#### Required action:
Please copy the lines below, exactly as they are, from the one with "Load image into" through the one with "JADRANOVO - apartmanska", and leave out the pictures.

#### Given data:
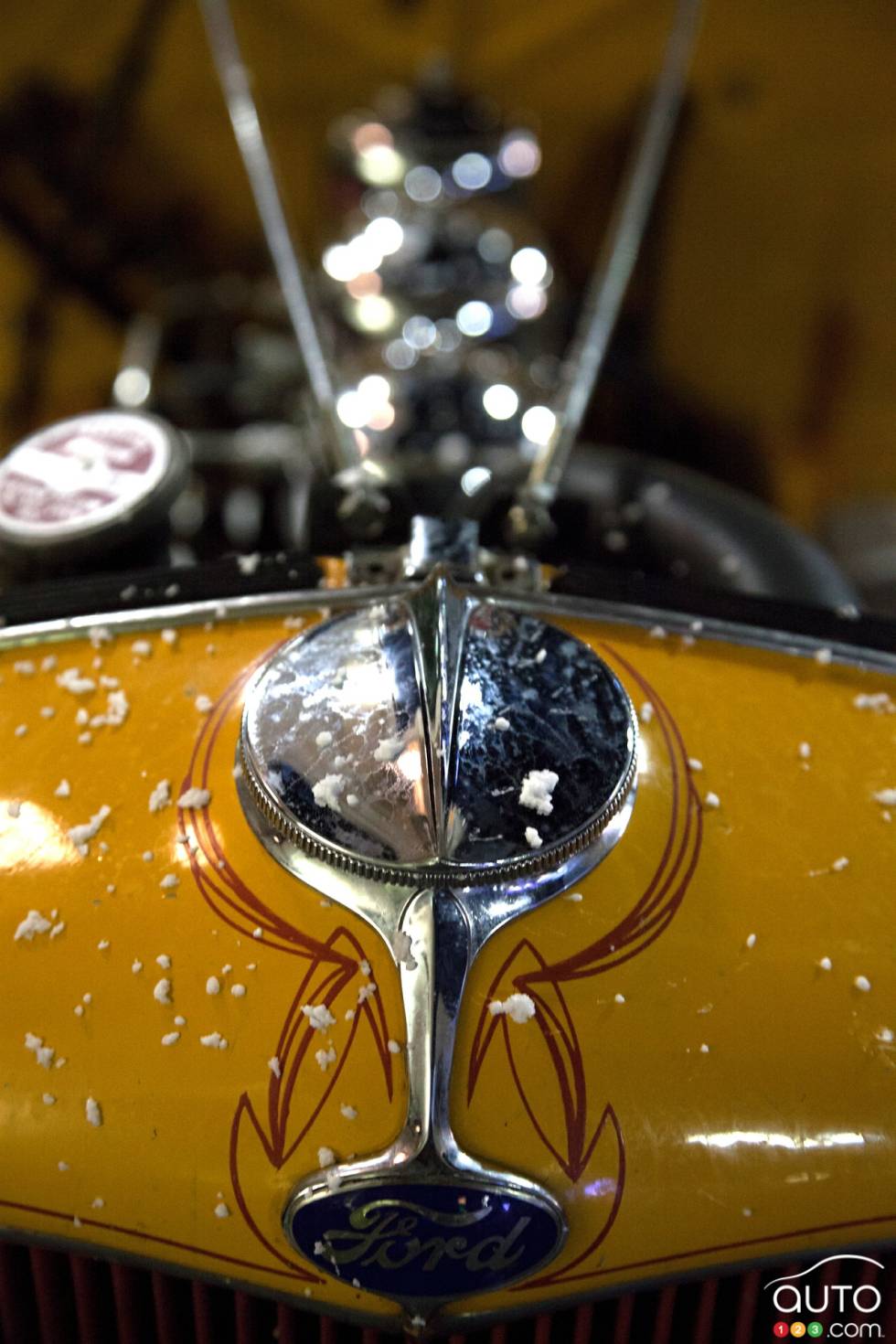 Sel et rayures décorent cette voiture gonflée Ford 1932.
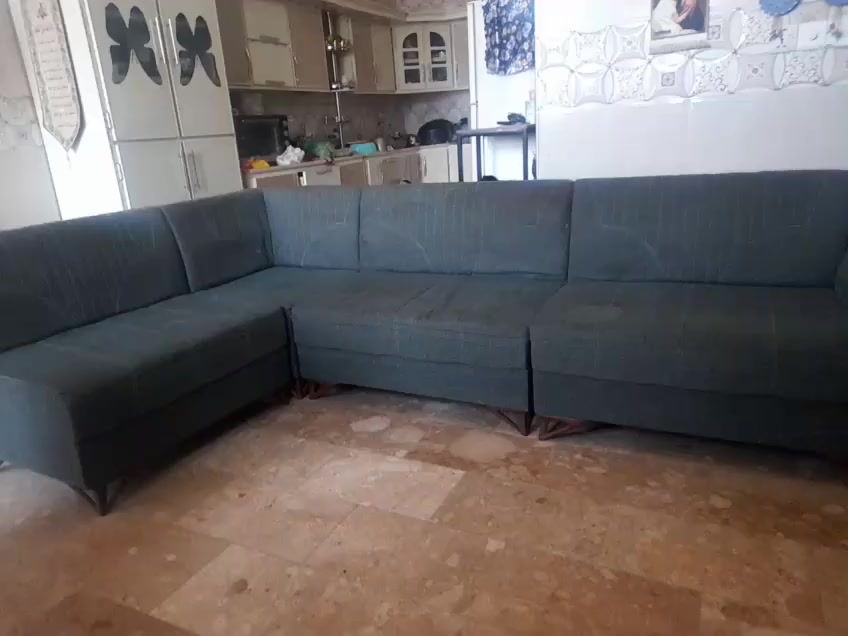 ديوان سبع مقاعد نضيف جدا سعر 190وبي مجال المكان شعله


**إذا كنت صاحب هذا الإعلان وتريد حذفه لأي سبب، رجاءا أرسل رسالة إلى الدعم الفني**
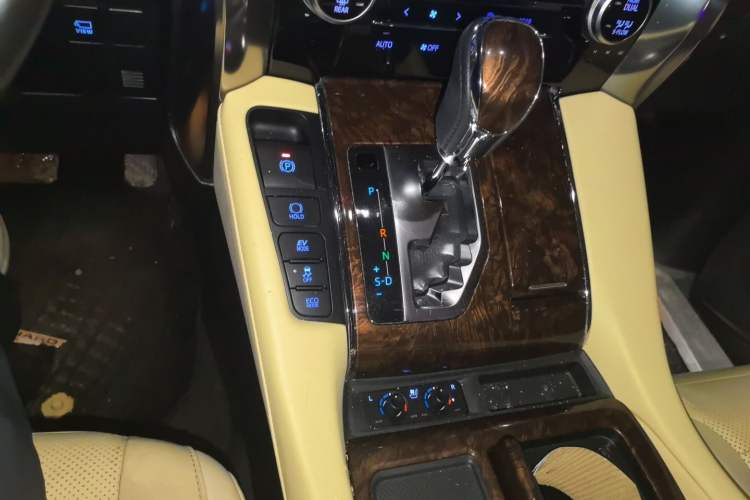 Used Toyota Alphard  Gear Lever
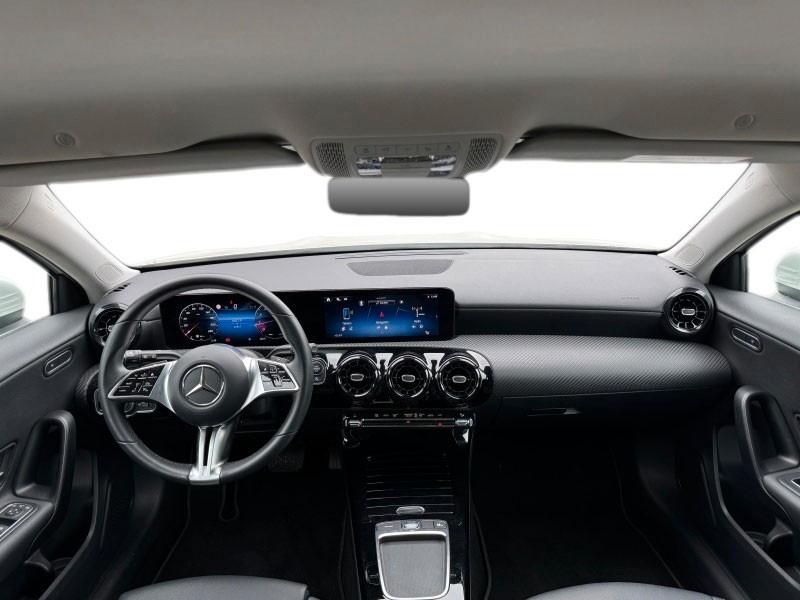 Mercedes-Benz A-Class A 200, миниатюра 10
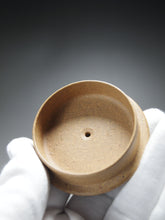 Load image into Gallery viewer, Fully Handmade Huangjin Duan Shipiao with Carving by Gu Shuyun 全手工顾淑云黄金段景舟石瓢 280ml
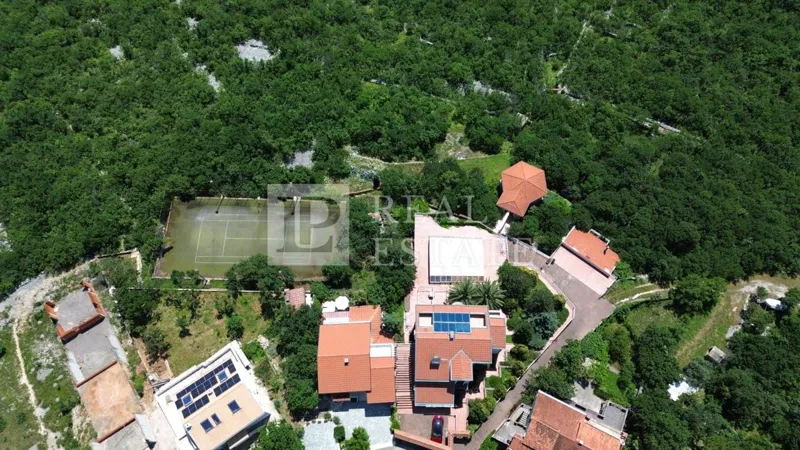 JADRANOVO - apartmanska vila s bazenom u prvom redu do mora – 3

* * *

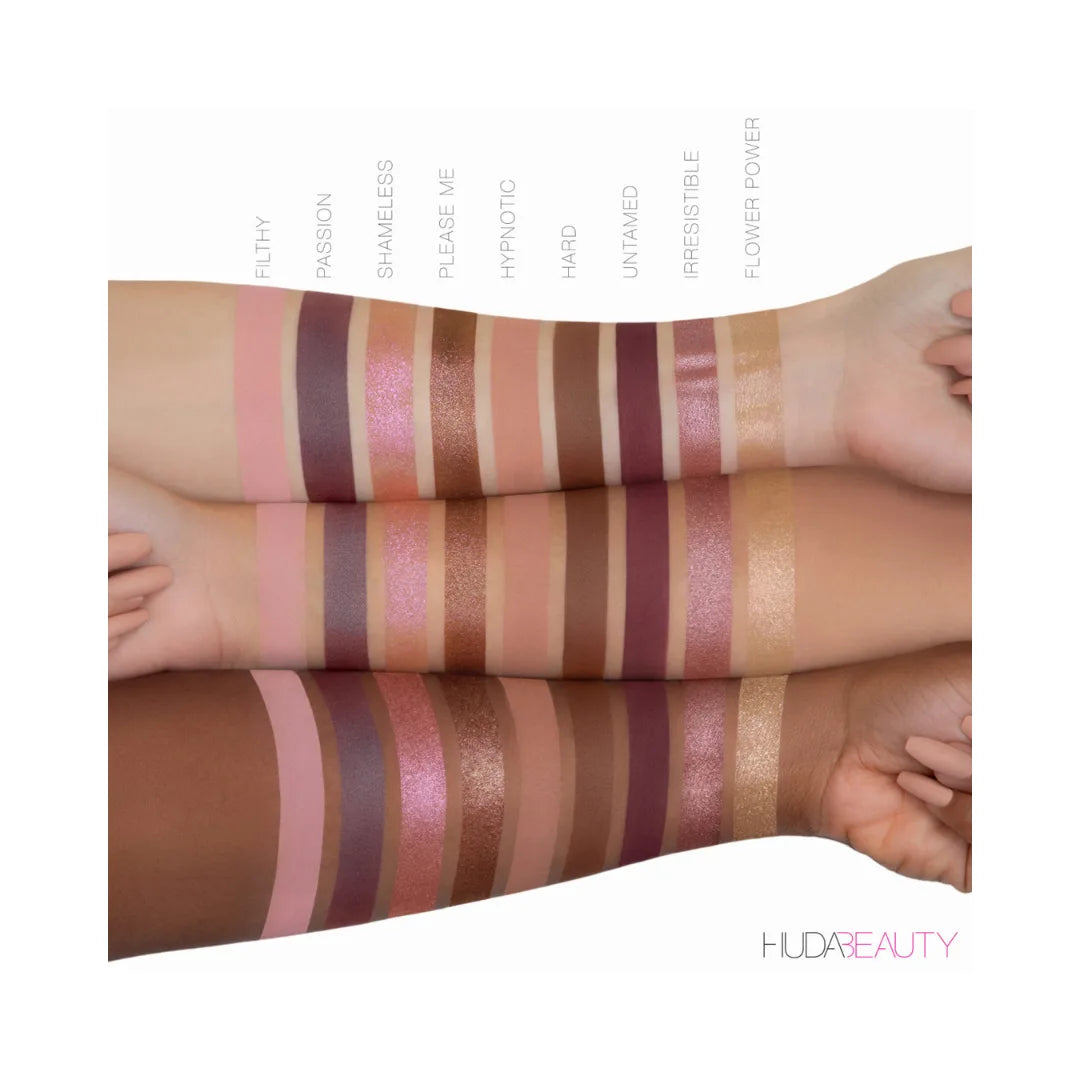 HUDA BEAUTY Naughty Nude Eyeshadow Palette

#### Answer box:
 Load image into Gallery viewer, Fully Handmade Huangjin Duan Shipiao with Carving by Gu Shuyun 全手工顾淑云黄金段景舟石瓢 280ml
 JADRANOVO - apartmanska vila s bazenom u prvom redu do mora – 3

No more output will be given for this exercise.